» Required action:
Repeat the listing exactly. Any picture in it should be left out of the copy.

» Provided records:
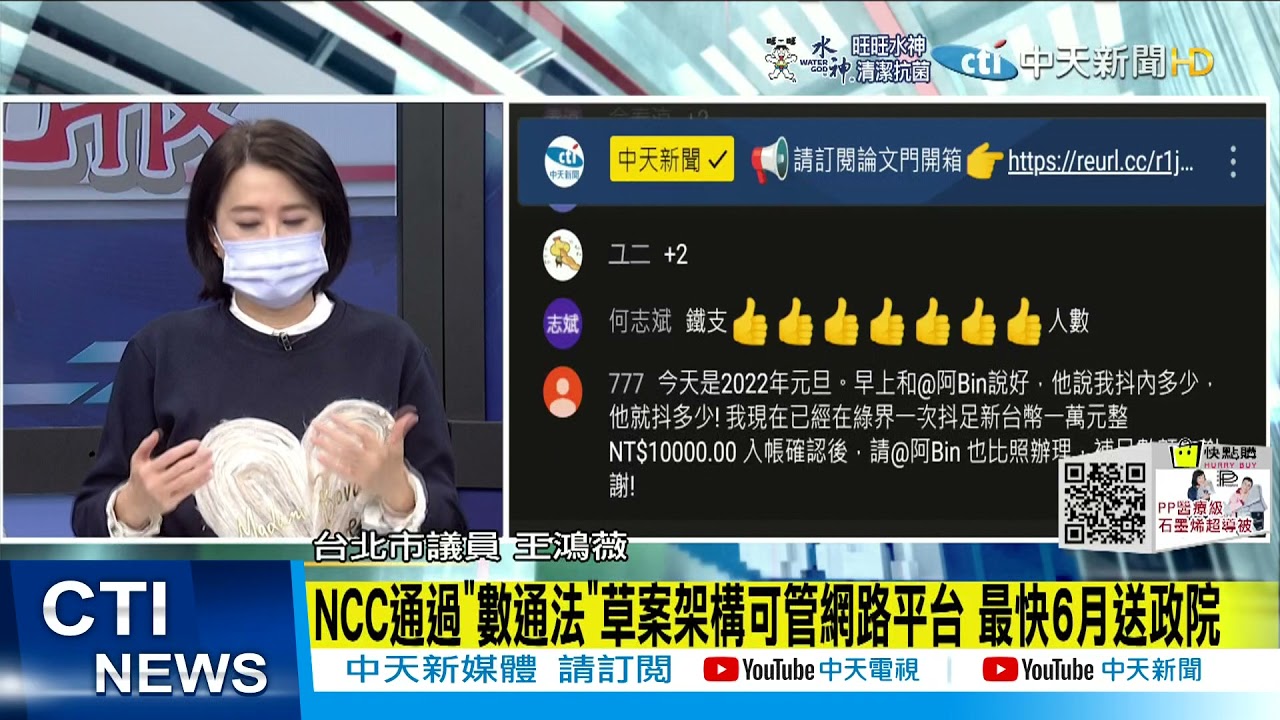 【每日必看】NCC公布數通法草案架構! 將管制YouTube 臉書等大型平台@中天新聞CtiNews 20220101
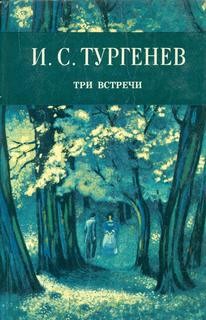 Три встречи – аудиокнига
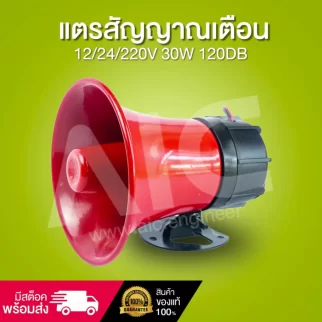 แตรสัญญาณเตือน Alarm Horn 12/24/220V 30W 120DB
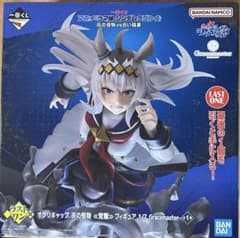 一番くじ ウマ娘シンデレラグレイ 灰の怪物 白い稲妻 ラストワン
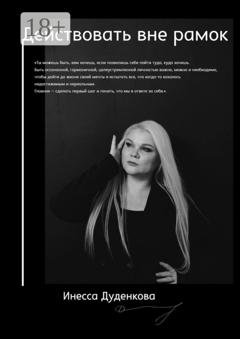 Обложка книги «Действовать вне рамок» — Инесса Дуденкова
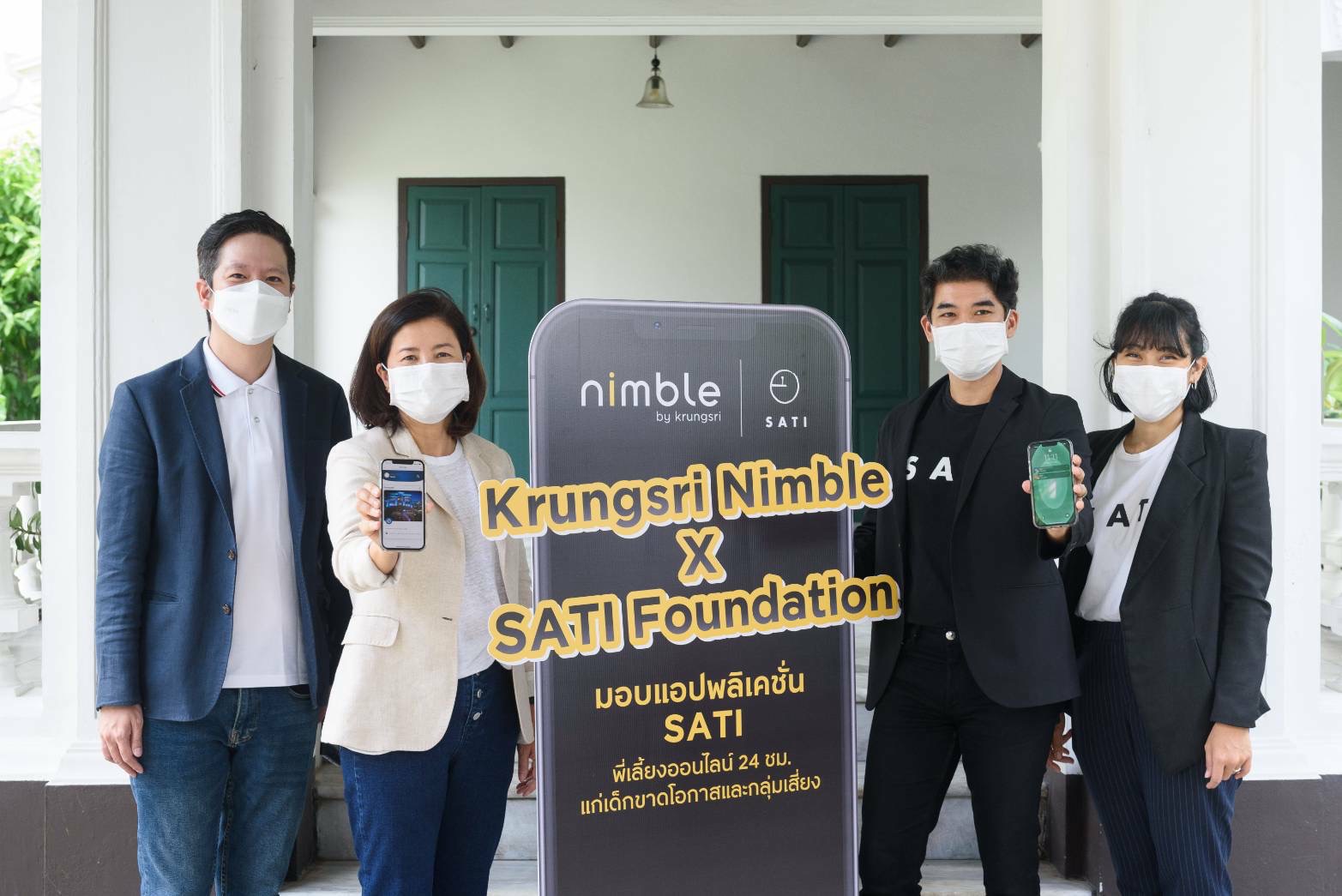 กรุงศรี นิมเบิล สร้างแอป “SATI” ใน LINE เป็นพี่เลี้ยงออนไลน์ช่วยเหลือเด็กที่ขาดโอกาสและกลุ่มเสี่ยง 24 ชั่วโมง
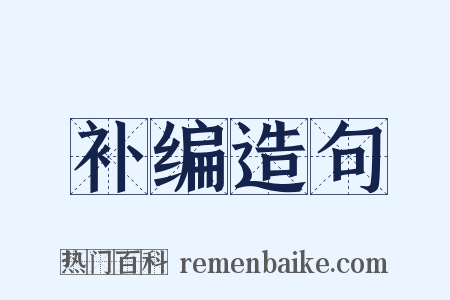 补编造句是什么意思的图片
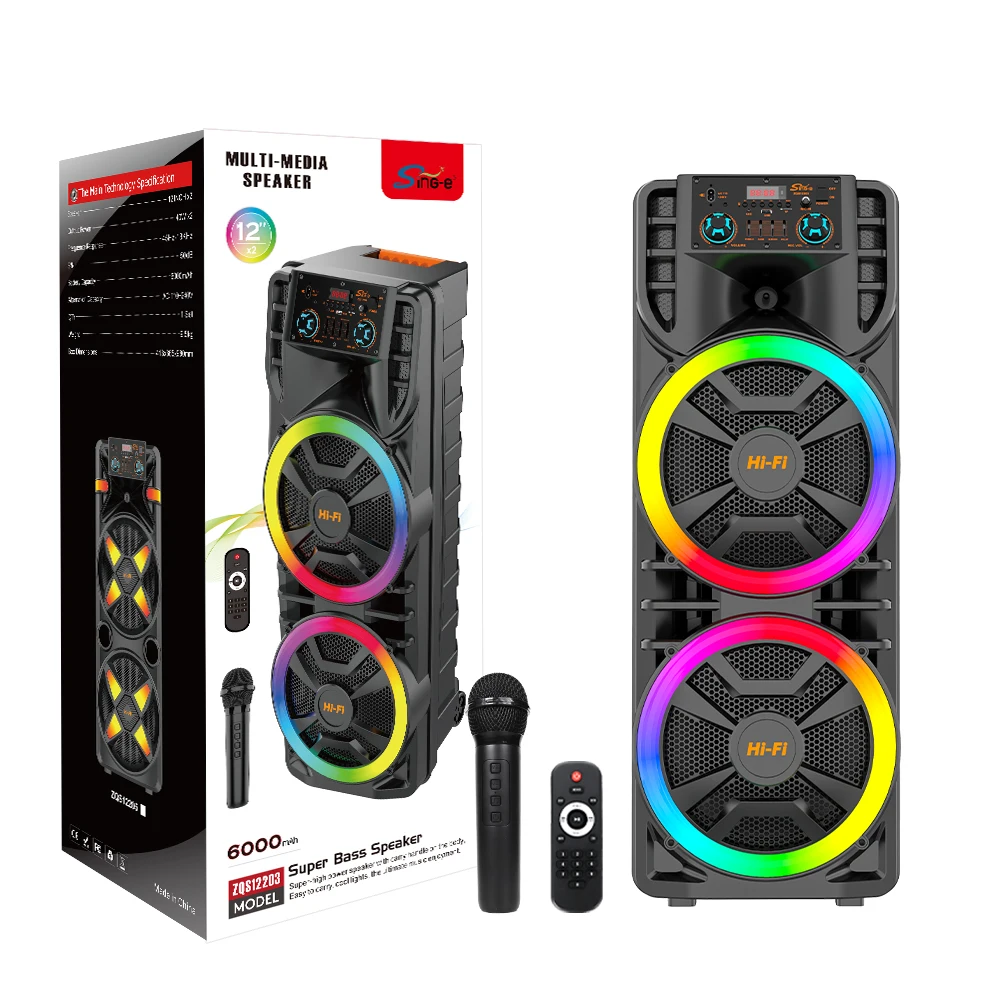 ⑫BONX mini group talk Bluetooth3個セット ⑫BONX mini group talk Bluetooth3個セット mini5.jpg
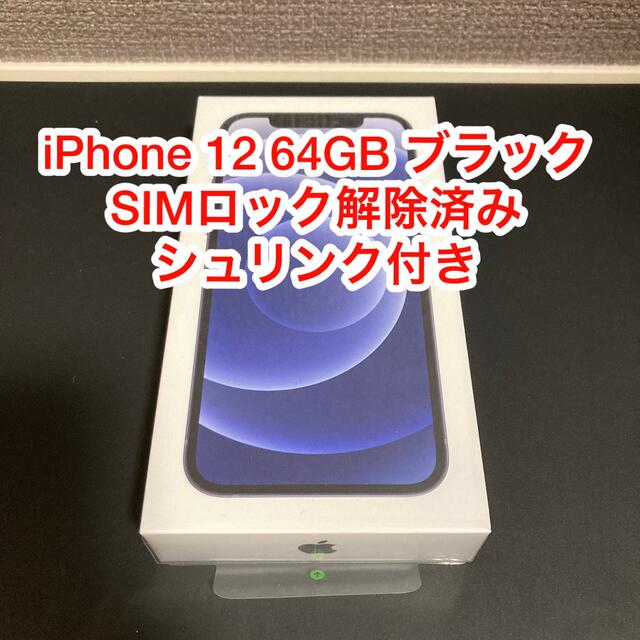 最高の 【新品未開封】iPhone - iPhone 12 ブラック 64GB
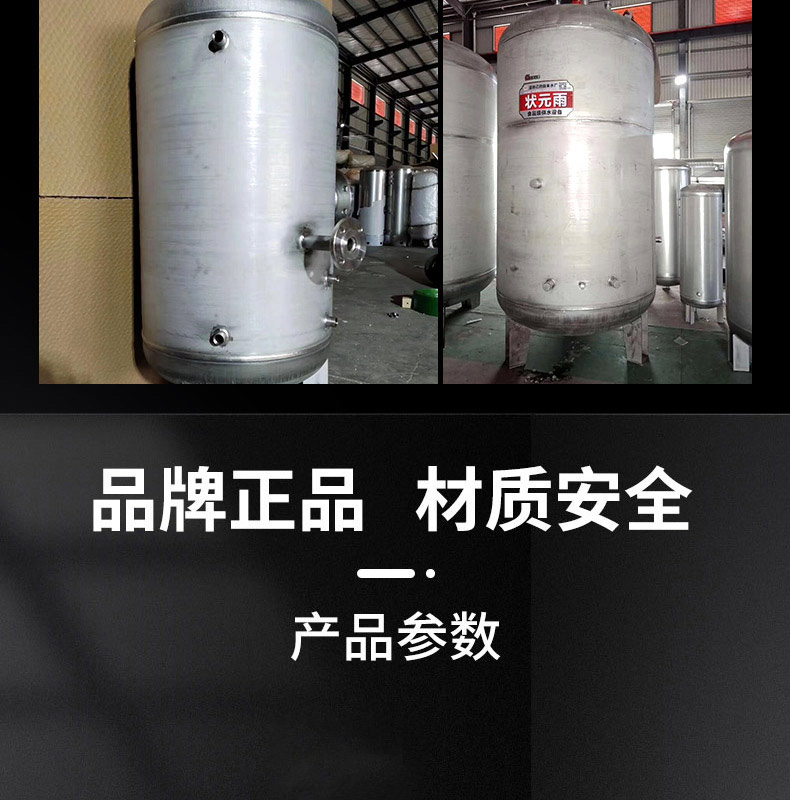 状元雨-大容积卧式压力罐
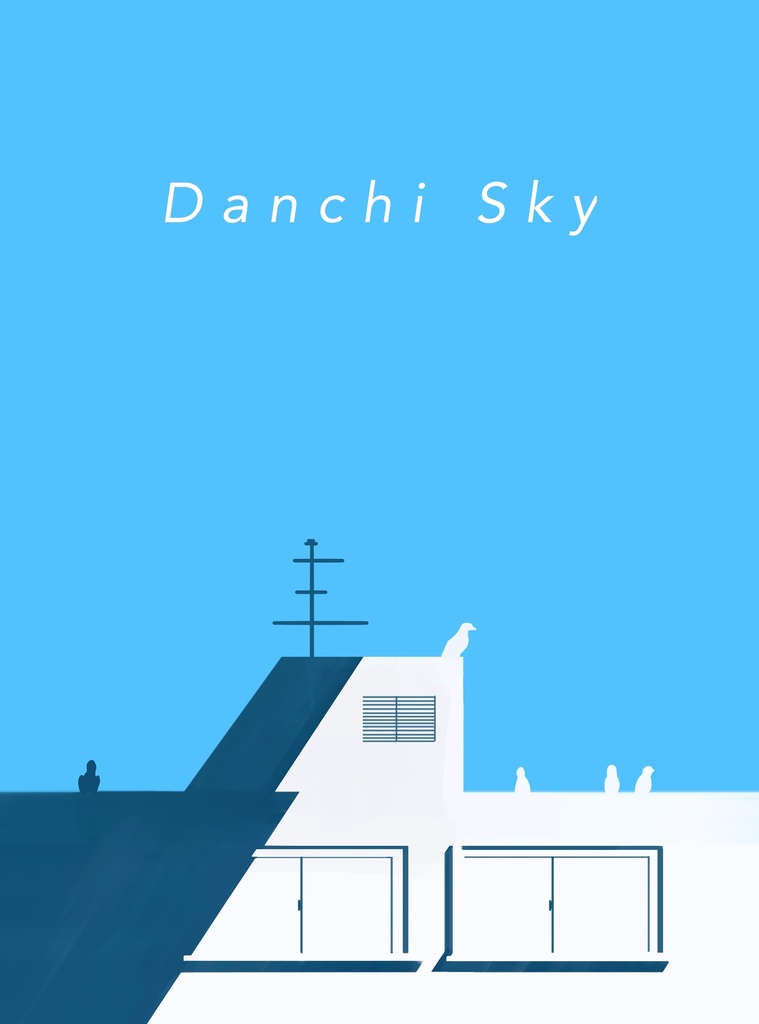 Danchi Skyスウェット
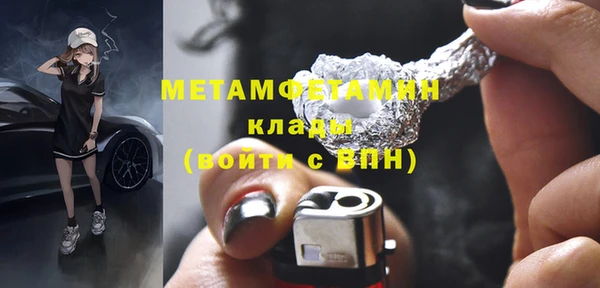 каннабис Дмитровск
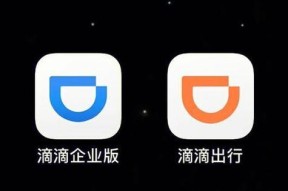 加入滴滴修电脑，轻松开启修电脑新职业！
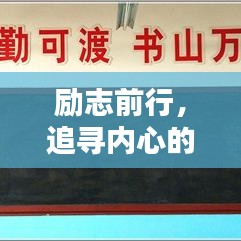 勵志前行，追尋內(nèi)心的寧靜與力量，保你平安心靈語錄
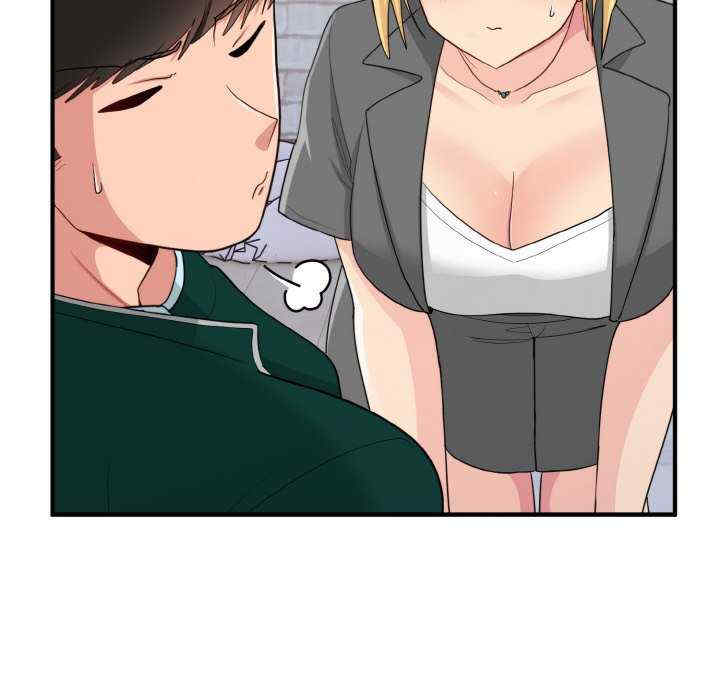 打脸的告白/教训告白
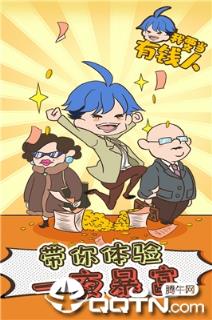 我要当有钱人内购版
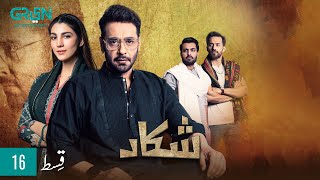 Shikaar  Episode 16  Faysal Quraishi  8th Dec 23  Eng CC   Green TV Entertainment [upl. by Enrol]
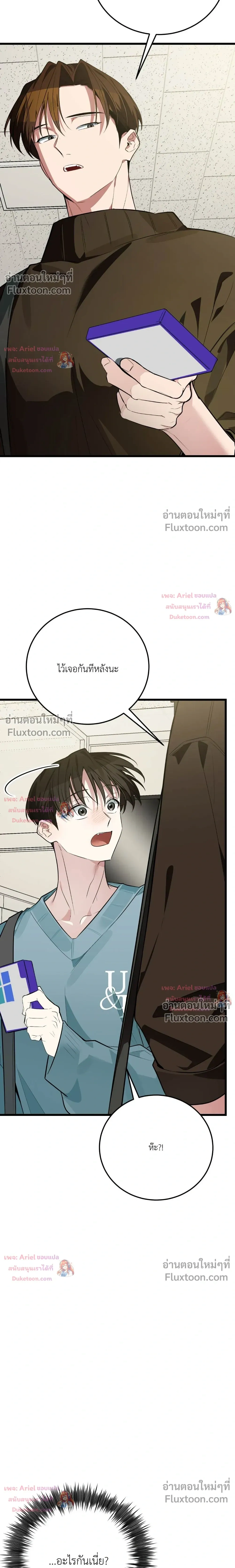 หน้าที่ 36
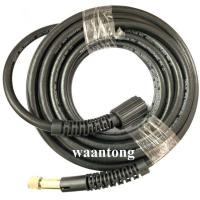 ราคา Zinsano สายฉีดน้ำแรงดันสูง 8เมตร รุ่น BBZIHOSE0046 สำหรับ VIO และ VIP BLU และ PR1301 ใช้แทน BBZIHOSE0004 (802624474)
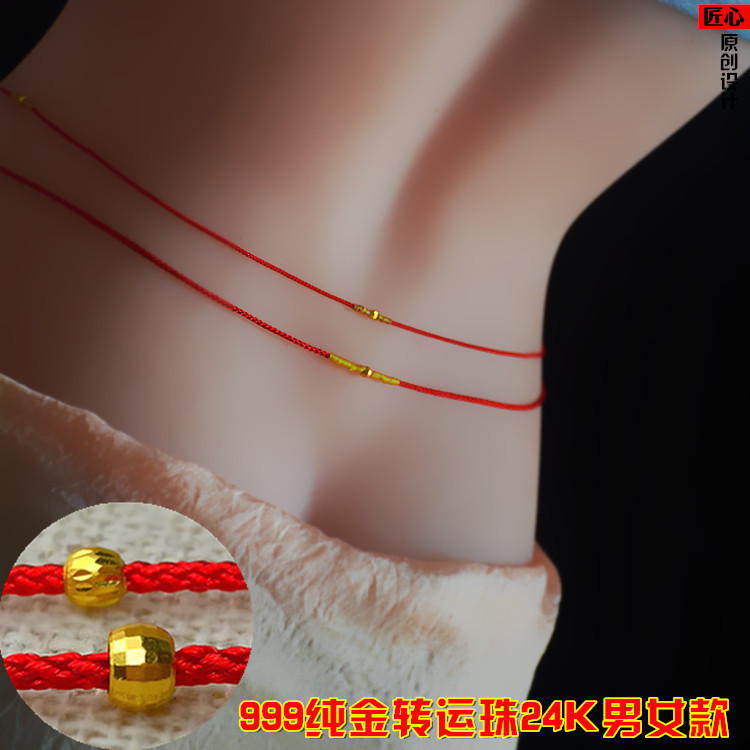 999 pure gold transfer beads fine red rope waist chain Female vermilion red waist rope Simple life Year gift lucky man belt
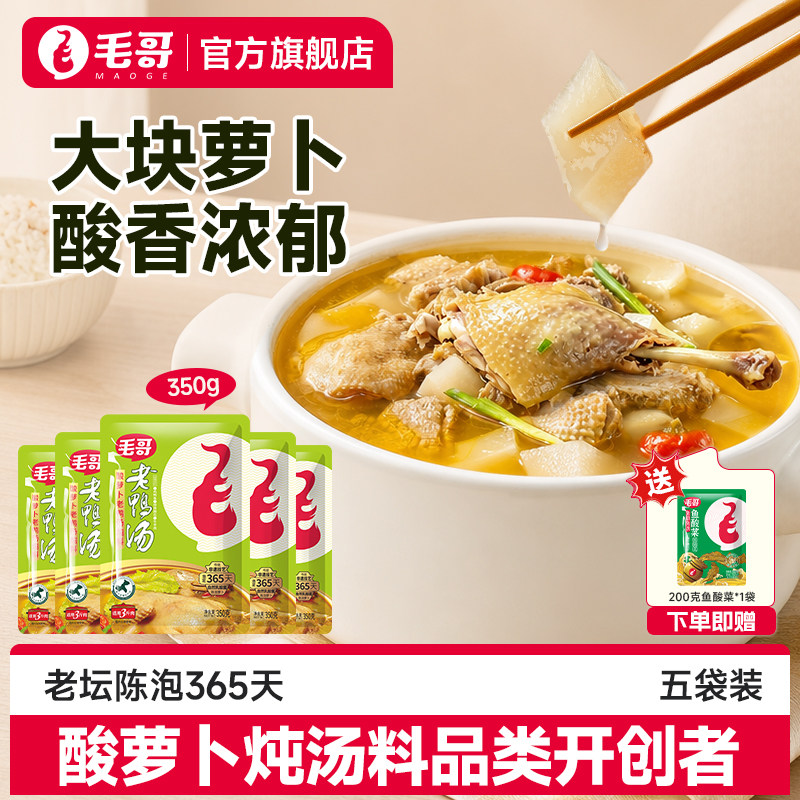 毛哥酸萝卜老鸭汤炖料调料350g*5袋清汤酸萝卜炖鸭汤料包重庆煲汤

» Response to the task:
 【每日必看】NCC公布數通法草案架構! 將管制YouTube 臉書等大型平台@中天新聞CtiNews 20220101
 Три встречи – аудиокнига
 แตรสัญญาณเตือน Alarm Horn 12/24/220V 30W 120DB
 一番くじ ウマ娘シンデレラグレイ 灰の怪物 白い稲妻 ラストワン
 Обложка книги «Действовать вне рамок» — Инесса Дуденкова
 กรุงศรี นิมเบิล สร้างแอป “SATI” ใน LINE เป็นพี่เลี้ยงออนไลน์ช่วยเหลือเด็กที่ขาดโอกาสและกลุ่มเสี่ยง 24 ชั่วโมง
 补编造句是什么意思的图片
 ⑫BONX mini group talk Bluetooth3個セット ⑫BONX mini group talk Bluetooth3個セット mini5.jpg
 最高の 【新品未開封】iPhone - iPhone 12 ブラック 64GB
 状元雨-大容积卧式压力罐
 Danchi Skyスウェット
 каннабис Дмитровск
 加入滴滴修电脑，轻松开启修电脑新职业！
 勵志前行，追尋內(nèi)心的寧靜與力量，保你平安心靈語錄
 打脸的告白/教训告白
 我要当有钱人内购版
 Shikaar  Episode 16  Faysal Quraishi  8th Dec 23  Eng CC   Green TV Entertainment [upl. by Enrol]
 หน้าที่ 36
 ราคา Zinsano สายฉีดน้ำแรงดันสูง 8เมตร รุ่น BBZIHOSE0046 สำหรับ VIO และ VIP BLU และ PR1301 ใช้แทน BBZIHOSE0004 (802624474)
 999 pure gold transfer beads fine red rope waist chain Female vermilion red waist rope Simple life Year gift lucky man belt
 毛哥酸萝卜老鸭汤炖料调料350g*5袋清汤酸萝卜炖鸭汤料包重庆煲汤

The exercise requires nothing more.